Data breach rule No. 1: Disclose sooner rather than later
The biggest mistake that organizations make is to sit on evidence of a security incident, only to have word of spread by way of a third party. Auction giant eBay recently found itself in hot water with the press, the public, and state Attorneys General when it was revealed that the company knew about a security incident in which employee accounts were compromised for months prior to going public. In contrast, music streaming service Spotify won praise for making a public announcement after it found evidence that a single user account had been compromised via a mobile application. The moral: If you have good reason to believe that a security incident has occurred in which data was lost, disclose it as soon as you can. You can always update customers, regulators, and the public as new information becomes available.
Data breach rule No. 2: Tell the whole truth
It's natural for companies who suffer an incident to practice damage control. Unfortunately, some companies take this to mean playing fast and loose with the facts. That's a bad idea for several reasons. For one thing, the facts often speak for themselves: Incidents like the breach at Target Brands, which first came to light in December, are often driven by the discovery of stolen data online or by ongoing investigations by credit card issuers and banks. Companies that try to downplay news of a cyber incident soon find themselves being undercut by leaks and revelations from outside sources. In other words, say what you know (and what you don't know) and take your lumps.

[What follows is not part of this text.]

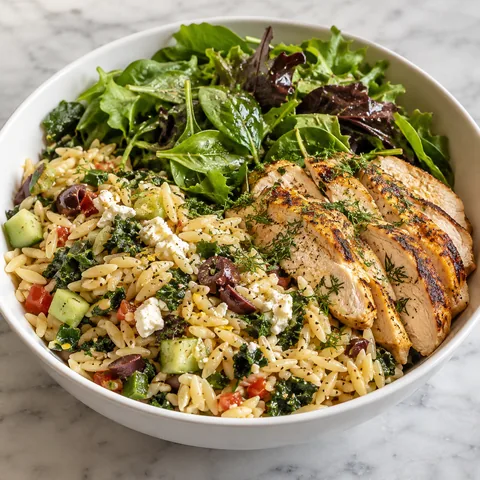 Finished Greek Orzo Power Bowl (make 2 bowls)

Data breach rule No. 3: Get your crypto straight
Were those stolen passwords encrypted or hashed -- or neither? In the heat of a security incident, the specifics of the technology your company used to secure its data may seem like a small and irrelevant detail, but it's not. The software giant Adobe Systems was roundly criticized when it was discovered that passwords for 2.9 million customer accounts were encrypted, rather than hashed and salted in accordance with industry best practice. The difference may seem trivial, but Adobe's use of Triple DES encryption to protect the passwords made it more likely that the actual values could be retrieved by thieves.